What this task involves :: Skip every picture, and copy exactly the lines from the one containing "Damernas cropped blus" to the end of the data.

########

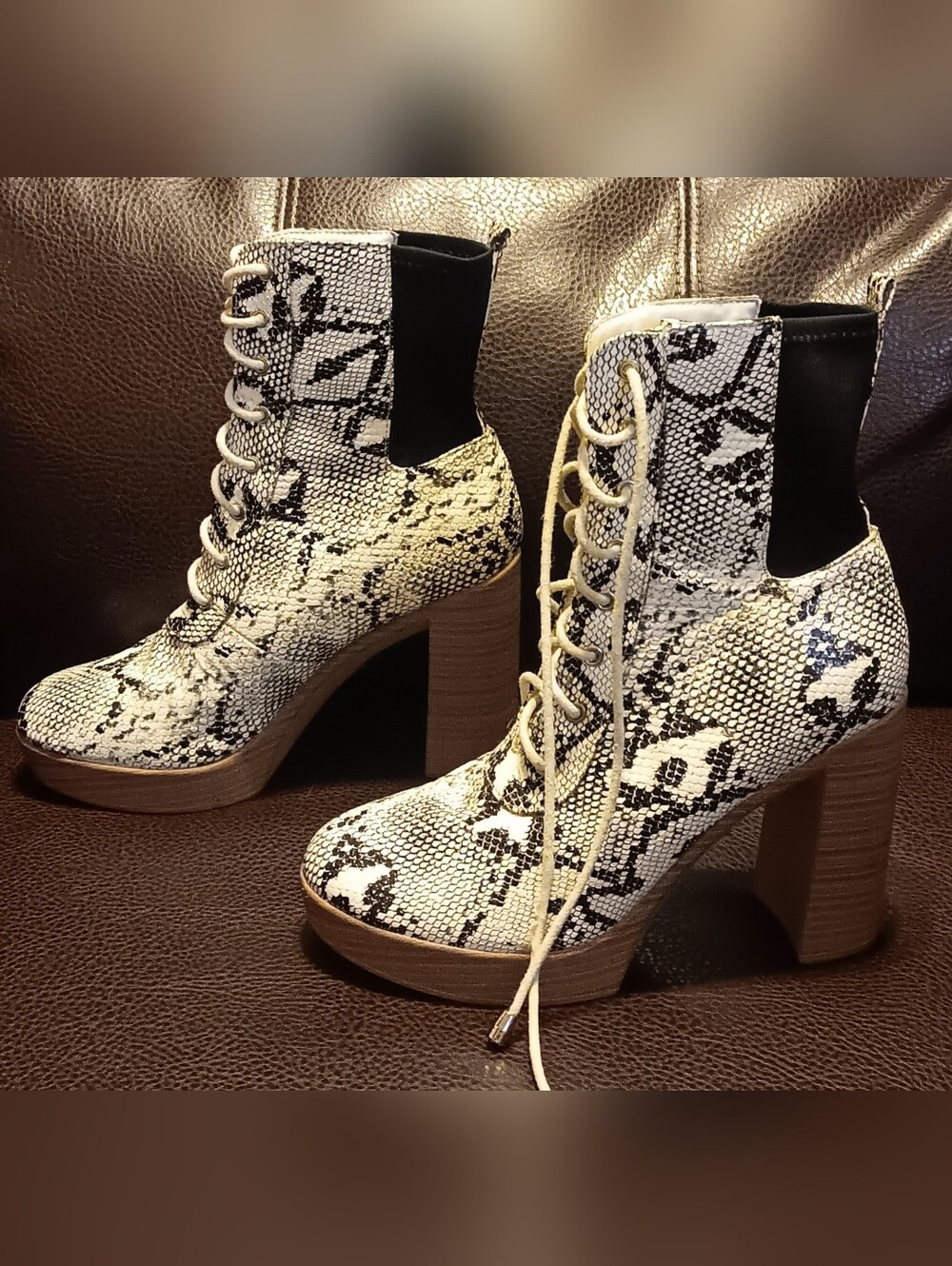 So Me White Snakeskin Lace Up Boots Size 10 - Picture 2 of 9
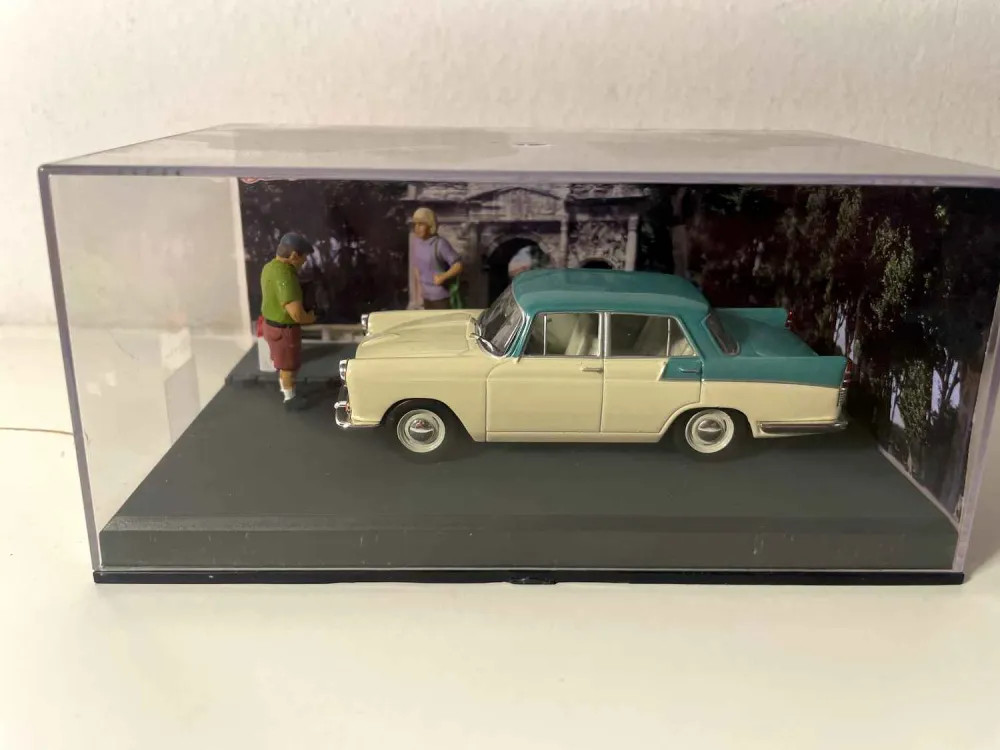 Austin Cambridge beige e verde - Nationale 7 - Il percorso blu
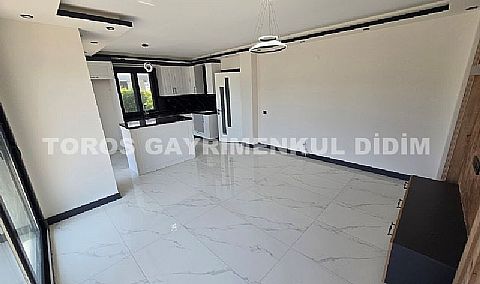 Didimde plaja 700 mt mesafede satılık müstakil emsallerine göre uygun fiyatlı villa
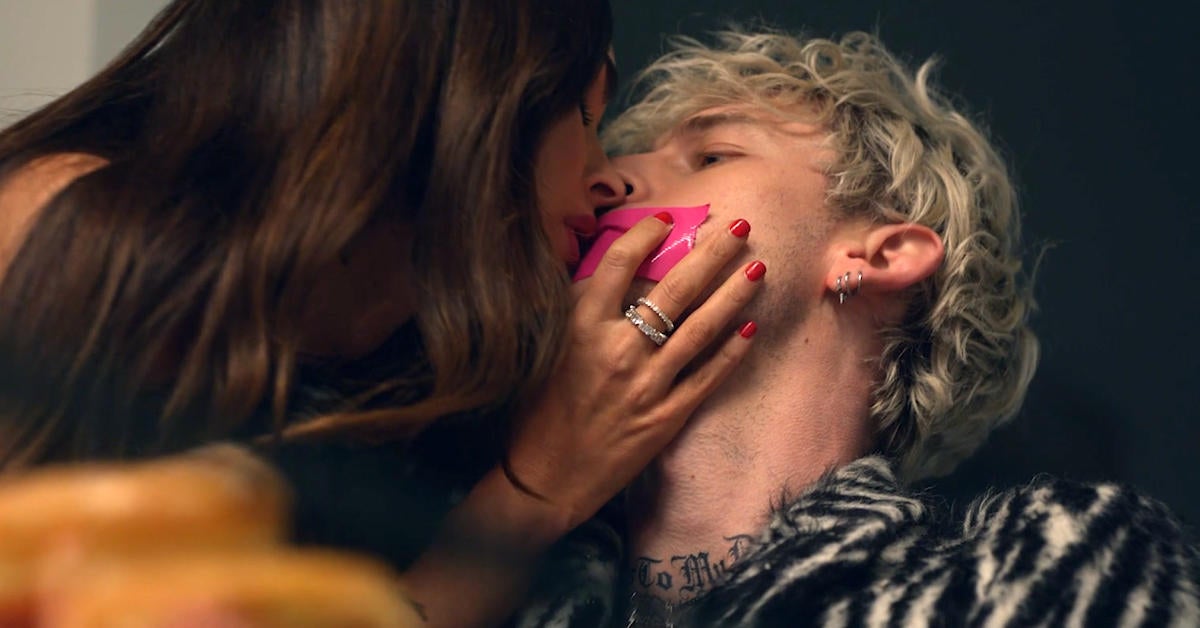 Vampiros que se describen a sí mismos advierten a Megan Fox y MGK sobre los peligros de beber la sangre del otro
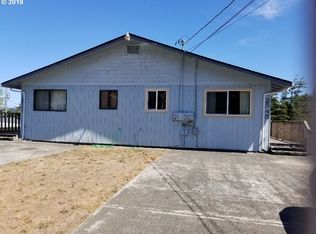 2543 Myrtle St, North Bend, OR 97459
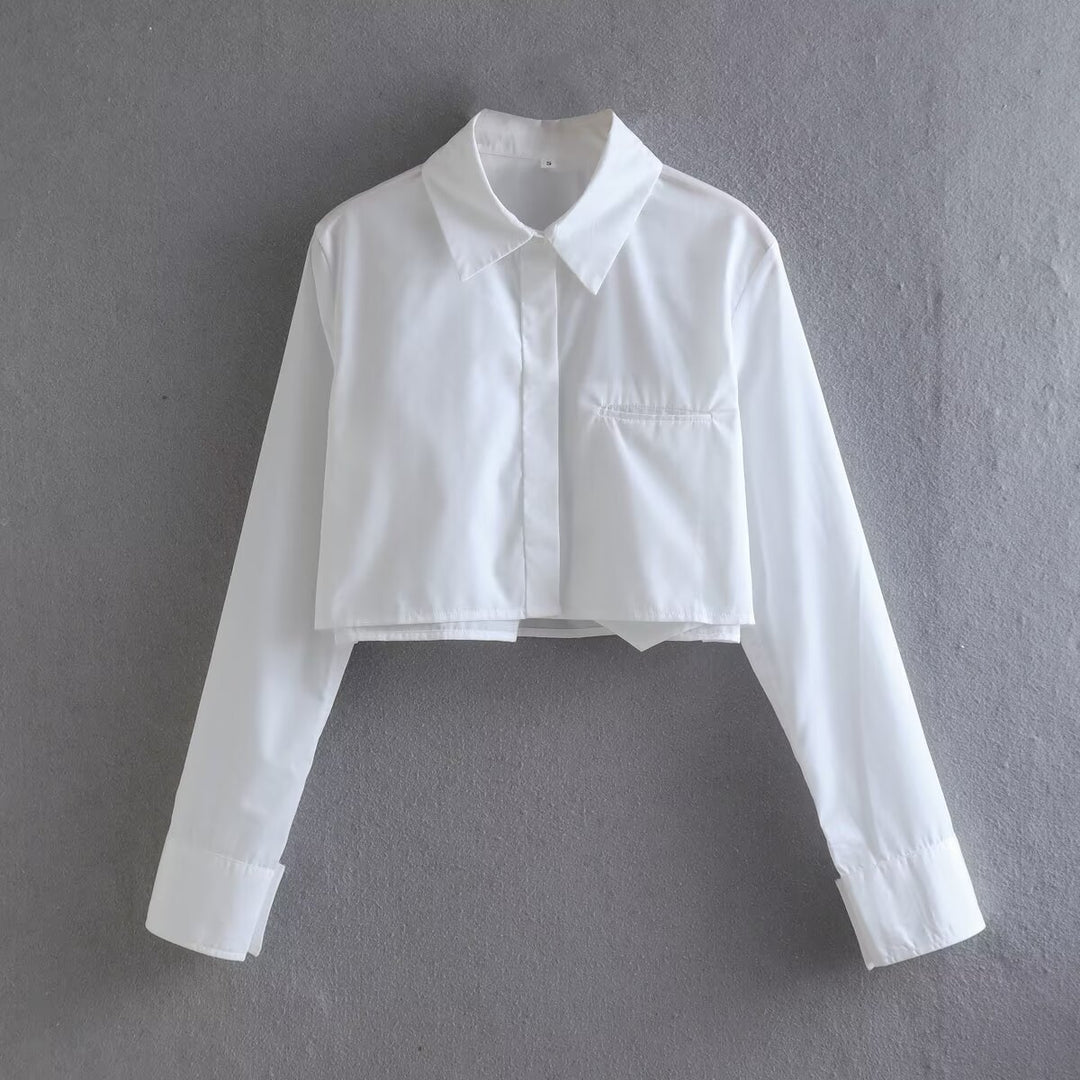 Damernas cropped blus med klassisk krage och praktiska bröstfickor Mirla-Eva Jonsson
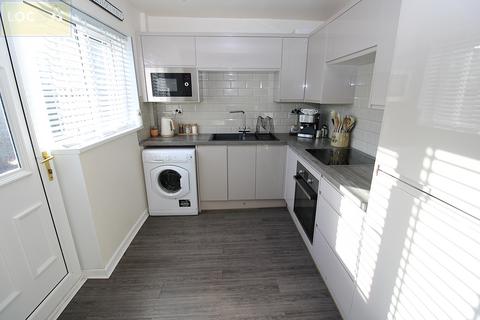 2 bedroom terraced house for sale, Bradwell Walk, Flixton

########

Your solution ::
 Damernas cropped blus med klassisk krage och praktiska bröstfickor Mirla-Eva Jonsson
 2 bedroom terraced house for sale, Bradwell Walk, Flixton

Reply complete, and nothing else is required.